In the past few years, several in-house and commercial rapid MRSA assays based on molecular techniques have been introduced for the detection of this pathogen directly from the specimen, mostly from the anterior nares. The first molecular assays developed were based on the detection of an S. aureus-specific sequence and the mecA gene, which encodes methicillin resistance.[8] These tests are difficult to use for the direct detection of MRSA from non-sterile specimens, such as nasal samples, because of the likely co-presence of MSSA and methicillin-resistant coagulase-negative staphylococci.[9] In a setting of low prevalence of MRSA, a molecular test targeting the mecA and an S. aureus-specific gene in parallel applied directly to clinical specimens would result in a high number of false positives and unacceptable performance.[9]

This technical limitation has been overcome in some assays, by linking detection of the presence of the mecA gene with detection of the neighbouring chromosome-borne orfX gene.[10,11] In that approach, regions near the integration site of SCCmec were targeted as surrogate markers instead of the mecA gene itself. However, these flanking regions are known to be more heterogeneous than assumed so far.[10] Thus, false-negative results due to variations within the primer binding sites may occur. Moreover, false-positive results due to the detection of DNA from non-viable MRSA, deletions or replacement of the mec region in vivo or ‘ghost sequences’ such as partial SCCmec sequences in MSSA can occur, albeit their incidence in the routine clinical setting is as yet unclear.[12] Despite the technical improvements in recent molecular-based assays, their high costs and relatively high operator skill requirement remain obstacles to their widespread routine use.

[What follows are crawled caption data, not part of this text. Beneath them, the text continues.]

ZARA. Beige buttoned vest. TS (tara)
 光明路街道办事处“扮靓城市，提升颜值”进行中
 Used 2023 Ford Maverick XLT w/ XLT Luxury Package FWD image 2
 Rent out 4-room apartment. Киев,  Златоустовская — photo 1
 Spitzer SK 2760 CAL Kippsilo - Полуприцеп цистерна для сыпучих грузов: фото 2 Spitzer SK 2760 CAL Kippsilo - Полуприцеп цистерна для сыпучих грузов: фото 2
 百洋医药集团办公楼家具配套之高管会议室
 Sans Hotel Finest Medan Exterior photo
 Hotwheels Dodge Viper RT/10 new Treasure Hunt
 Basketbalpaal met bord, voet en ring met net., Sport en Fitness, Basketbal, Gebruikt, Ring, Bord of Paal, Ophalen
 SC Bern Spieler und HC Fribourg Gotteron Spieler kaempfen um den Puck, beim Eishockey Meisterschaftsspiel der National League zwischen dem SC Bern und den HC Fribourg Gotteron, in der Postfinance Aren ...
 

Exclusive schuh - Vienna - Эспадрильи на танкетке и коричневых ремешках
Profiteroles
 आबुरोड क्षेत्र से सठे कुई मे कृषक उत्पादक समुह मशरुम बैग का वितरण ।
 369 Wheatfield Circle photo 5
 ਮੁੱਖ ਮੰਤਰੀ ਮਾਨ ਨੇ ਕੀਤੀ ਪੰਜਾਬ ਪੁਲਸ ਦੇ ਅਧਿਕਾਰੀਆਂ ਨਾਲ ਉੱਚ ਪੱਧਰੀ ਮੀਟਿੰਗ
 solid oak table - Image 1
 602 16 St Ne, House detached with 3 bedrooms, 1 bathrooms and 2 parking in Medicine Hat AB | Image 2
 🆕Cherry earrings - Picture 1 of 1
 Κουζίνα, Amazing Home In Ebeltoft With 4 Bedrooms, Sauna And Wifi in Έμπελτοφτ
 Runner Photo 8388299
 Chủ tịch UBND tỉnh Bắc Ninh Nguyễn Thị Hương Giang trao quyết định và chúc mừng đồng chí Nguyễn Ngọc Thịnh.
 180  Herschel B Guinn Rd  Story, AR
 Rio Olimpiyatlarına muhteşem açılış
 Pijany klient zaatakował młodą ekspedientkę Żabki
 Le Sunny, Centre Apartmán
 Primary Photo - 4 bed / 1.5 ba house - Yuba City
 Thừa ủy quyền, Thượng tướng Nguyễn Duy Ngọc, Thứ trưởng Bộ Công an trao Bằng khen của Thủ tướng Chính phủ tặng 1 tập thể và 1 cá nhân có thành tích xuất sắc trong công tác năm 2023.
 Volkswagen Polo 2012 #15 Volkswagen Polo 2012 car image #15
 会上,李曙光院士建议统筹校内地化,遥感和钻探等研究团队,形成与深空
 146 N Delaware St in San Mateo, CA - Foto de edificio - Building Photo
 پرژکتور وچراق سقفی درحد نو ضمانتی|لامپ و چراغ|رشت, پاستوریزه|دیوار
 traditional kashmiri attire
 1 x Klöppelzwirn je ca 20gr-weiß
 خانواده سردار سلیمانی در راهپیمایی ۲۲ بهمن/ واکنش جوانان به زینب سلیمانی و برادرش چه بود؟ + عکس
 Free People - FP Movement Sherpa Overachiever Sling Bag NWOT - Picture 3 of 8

The ability of a test to detect a broad range of MRSA clones is particularly important for an assay that may be used across a wide geographic region as tests with gaps in detection could potentially ‘select out’ strains whose spread would be uncontrolled.

Beside a variety of method-inherent limitations, rapid DNA-based methods amplify the nucleic acid and not the organism, which means the MRSA strain is unavailable for further characterization, such as determination of the resistance profile and strain typing. In contrast, applying the rapid growth-based assay tested here, any further examinations to characterize the respective strains will be possible from the enrichment broth.

For the 3M™ BacLite™ Rapid MRSA Test, a diagnostic sensitivity of 94.6% and diagnostic specificity of 96.9% for nasal screening swabs and 95.9% sensitivity and 88.8% specificity for groin screening swabs, respectively, have been reported.[4,5] The analytical limit of detection of the assay was shown to be ≤94 cfu (3M™ BacLite™ Rapid MRSA Test, Instructions for Use).[4,5]

Here, the new growth-based rapid MRSA assay was shown to detect without exception all MRSA strains of large collections of strains comprising highly diverse genetic backgrounds. Such a phenotypic test might be potentially more likely to cope with new strains. Further studies are warranted to evaluate this method using clinical specimens.

Funding

This work was supported in part by a grant from the Bundesministerium für Bildung und Forschung (BMBF), Germany (Pathogenomic Plus Network PTJ-BIO/0313801B). The device and the respective assay consumables were given to us by 3M for this study.

Transparency declarations

Two of the authors (A. W. F. and K. B.) delivered independent scientific presentations at 3M-supported symposia. C. v. E. is a member of 3M’s Scientific Advisory Board. All other authors: none to declare.